Tant que l’Etat se pensera comme l’acteur qui peut punir ou imposer des vues arbitraires, il fera face à la perte de ce pouvoir négatif. Car la mondialisation offre de nombreuses lignes de fuite à ceux qu’il considère comme des assujettis. Mais s’il se pense de manière plus positive comme l’acteur qui doit attirer et mobiliser, alors il trouvera de nouvelles raisons d’être. Et des défis autrement plus intéressants à relever que de construire des meccanos industriels forcément artificiels s’ils ne correspondent pas à la volonté des premiers concernés.
Augustin Landier : On est encore dans une vision type "Trente Glorieuse" où l’Etat pouvait décider du partage de l’activité industrielle entre grands groupes. La réalité d’Alstom, c’est des actionnaires, un patron, qui prend des décisions stratégiques, en principe les plus favorables pour les actionnaires. L’agitation politique reste surtout verbale, mais ne sera pas suivie d’effets, je pense. Cela infantilise les Français et accroît le décalage entre la réalité de l’économie et le ressenti des gens. Et cela donne à la France l’image d’un pays à problèmes auprès des investisseurs. Ce qui est dommage d’ailleurs, car cette image est partiellement fausse, car l’Etat ne peut pas faire n’importe quoi dans la réalité, et les institutions françaises sont plutôt robustes.

La principale manifestation d'aujourd'hui s'annonce sans éclat. Les syndicats ont-ils perdu pour de bon leur pouvoir de mobilisation ? Est-ce réellement dû à leur faible représentativité ?

Jean-Charles Simon :  Ces manifestations, surtout sans objet très bien défini comme le combat contre une loi emblématique, apparaissent pour ce qu’elles sont : des rituels un peu désuets. Dont chacun, y compris les premiers intéressés, savent bien qu’il ne ressort à peu près rien. D’ailleurs, les rangs se dispersent et plusieurs centrales n’appellent même plus à manifester ce 1er mai. Alors que les enjeux ne manquent pas, en pleine mise en route du pacte de responsabilité et des mesures d’économies.
C’est à la fois la mesure d’une perte d’influence, déjà assez ancienne, mais aussi d’un désenchantement face à la gauche au pouvoir. Quelle offre politique susciter ou promouvoir, par exemple auprès des bastions syndicaux de la fonction publique, quand c’est la gauche elle-même qui annonce les mesures d’économie et le gel du point d’indice ? C’est finalement la prise de conscience d’une réalité politique : aucun parti de gouvernement ne soutient aujourd’hui les revendications syndicales sur l’emploi et le pouvoir d’achat dans le secteur public, ni des mesures de coercition à l’égard des employeurs du privé.

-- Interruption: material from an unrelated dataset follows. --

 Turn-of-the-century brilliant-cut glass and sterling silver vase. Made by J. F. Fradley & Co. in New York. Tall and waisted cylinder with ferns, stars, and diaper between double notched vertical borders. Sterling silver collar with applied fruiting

Augustin Landier : Je pense que les syndicats sont restés enracinés dans le thème de la France industrielle et leur clientèle traditionnelle d’ouvriers. Ils ne s’adaptent pas à l’entrée dans le monde des services, où les trajectoires professionnelles sont plus mobiles. Et les gens ne sont pas dupes, ils voient bien que les symboles ne correspondent plus à la réalité, et que la mise en avant de la figure de l’ouvrier n’est pas représentative du personnel peu qualifié d’aujourd’hui.